## Abstract

This work is focused on the resolution of a mixed model for the design of large-sized networks. An algorithm is introduced, whose initial outcomes are promising in terms of topological robustness regarding connectivity and reliability. The algorithm combines the network survivability and the network reliability approaches. The problem of the topological design has been modeled based on the generalized Steiner problem with node-connectivity constraints (GSPNC), which is NP-hard. The aim of this study is to heuristically solve the GSP-NC model by designing low-cost highly connected topologies and to measure the reliability of such solutions with respect to a certain prefixed lower threshold. This research introduces a greedy randomized algorithm for the construction of feasible solutions for the GSP-NC and a local search algorithm based on the variable neighborhood search (VNS) method, customized for the GSP-NC. In order to compute the built network reliabilities, this work adapts the recursive variance reduction (RVR) technique, as a simulation method since the exact evaluation of this measurement is also NP-hard. The experimental tests were performed over a wide set of testing cases, which contained heterogeneous topologies, including instances of more than 200 nodes. The computational results showed highly competitive execution times, achieving minimal local optimal solutions of good quality fulfilling the imposed survivability and reliability conditions.

### Keywords

- survivability
- meta-heuristic
- VNS
- VND
- reliability
- simulation
- RVR

## 1. Introduction

The arrival of the optical fiber allowed for an enormous increase on communication line bandwidth. This naturally led to deploying networks with dispersed topologies, as scarce (even unique) paths linking the diverse sites are enough to fulfill all the requirements regarding data exchanges. Yet dispersed topologies have a problem: the ability of the network to keep all sites connected is affected by the failure of few (even one single) communication links or switch sites. Before the introduction of the optical fiber, topologies were denser; upon failure of few links, there was a probable reduction of throughput, yet keeping all sites connected. With disperse fiber-based designs, the network behaves much more as an “all-or-nothing” service; either, it fulfills all requirements of connectivity and bandwidth, or it fails to connect some sites. Therefore, the problem of designing networks with minimal costs and reliability thresholds has since gained relevance.

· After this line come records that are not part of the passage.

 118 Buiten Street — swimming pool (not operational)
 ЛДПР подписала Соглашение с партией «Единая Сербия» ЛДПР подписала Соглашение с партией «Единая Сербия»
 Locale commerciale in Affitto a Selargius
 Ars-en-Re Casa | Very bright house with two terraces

In view of the above, the networks must continue to be operative even when a component (link or central office) fails. In this context, survivability means that a certain number of pre-established disjoint paths among any pair of central offices must exist. In this case, node-disjoint paths will be required, which show a stronger constraint than the edge-disjunction ones. Assuming that both the links and the nodes have associated certain operation probabilities (elementary reliability), the main objective is to build a minimum-cost sub-network that satisfies the node-connectivity requirements. Moreover, its reliability, i.e., the probability that all sites are able to exchange data at a given point in time, ought to surpass a certain lower bound pre-defined by the network engineer. In this way the model takes into account the robustness of the topology to be designed by acknowledging its structure even in probabilistic terms.

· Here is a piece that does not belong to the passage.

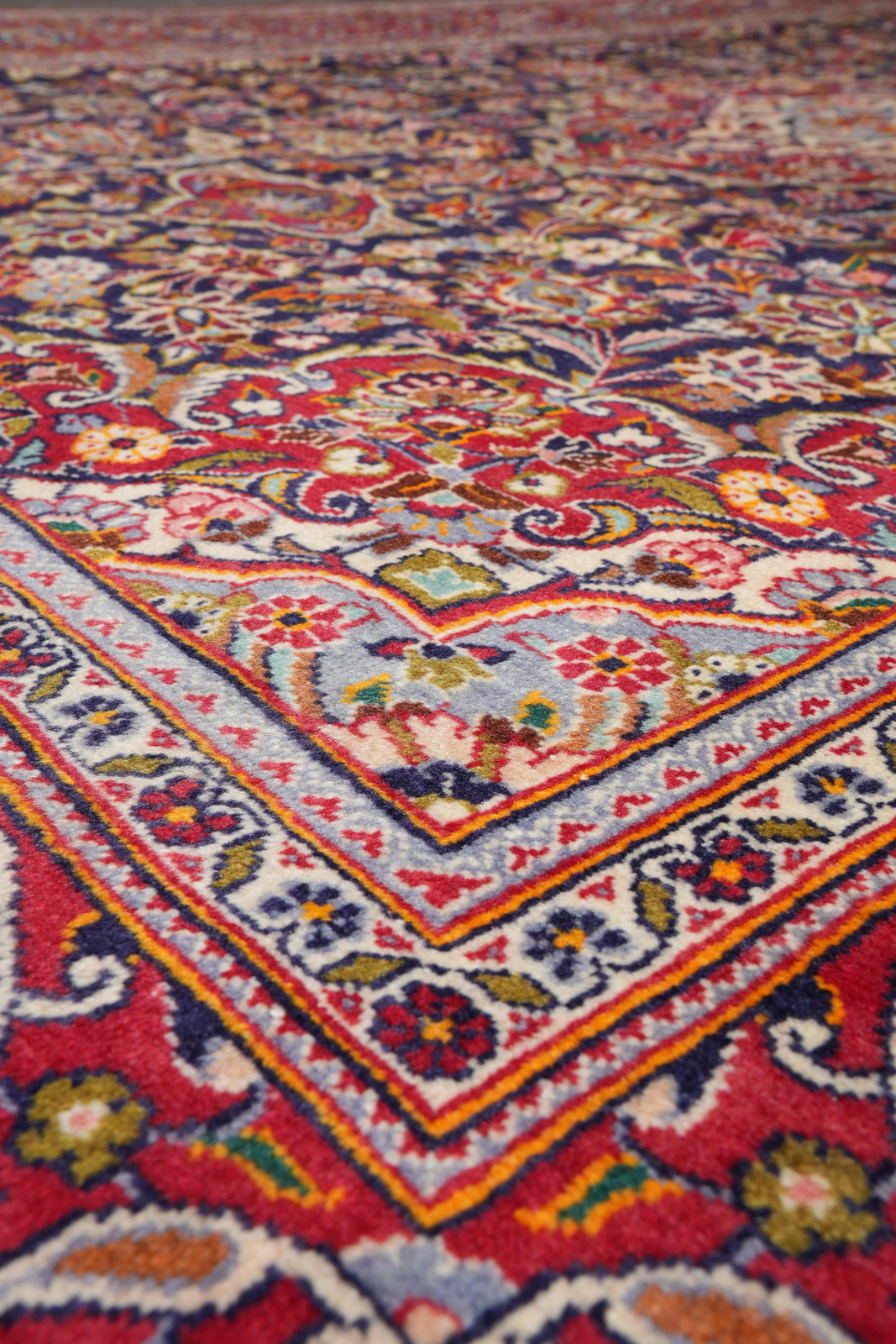7.9 x 11.2 Authentic Perrsian Kashaan Rug Navy Blue #F-4124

### 1.1. Aim and objectives

The aim of this chapter is to introduce an algorithm that combines the two approaches so as to achieve the design of robust networks and test it on a number of instances that are representative of communication network problems. On the one hand, the network must be highly reliable from a probabilistic point of view (its reliability) assuming that the probabilities of failure of all links and sites are known. On the other hand, the network structure must be topologically robust; for this, node or edge connectivity levels between pairs of distinguished nodes are required. This means that between all pairs of distinguished nodes there exists a given number of edge paths or disjoint nodes. Then, once a minimum threshold for reliability (e.g., 0.98) is set, the algorithm here introduced:

Constructs feasible low-cost solutions that satisfy the connectivity levels (disjoint paths) between pairs of distinguished nodes of the network (terminal nodes).

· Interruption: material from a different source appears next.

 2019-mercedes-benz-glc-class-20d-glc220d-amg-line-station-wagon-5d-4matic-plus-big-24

The reliability of the network built meets the pre-established threshold, thus achieving fault-resistant networks according to both approaches.

Performed research indicates that literature pertaining to algorithms on design topologies which consider both approaches (survivable networks and network reliability) is scarce. The works on the design of robust networks in general fix a level of node/edge global connectivity of the network and try to design a network at the lowest possible cost that satisfies that level (e.g., 2-node-connectivity) [1]. Nevertheless, there are contexts where this combination of approaches is imperative and demanded. For example, in the context of military telecommunication networks, it is required that the networks are topologically very robust (e.g., 3-node-connectivity) and at the same time that they are extremely reliable from the network reliability approach’s point of view, surpassing very high reliability levels. Another example of the application of the combined model is the logical distribution of highly dangerous merchandise on a country’s roads. In such a context, two things are desirable: high reliability in the connection of points of distribution (i.e., “reliable” roads) and high levels of connectivity between the points that must exchange cargo (availability of alternative roads to possible road cuts, traffic saturation, etc.).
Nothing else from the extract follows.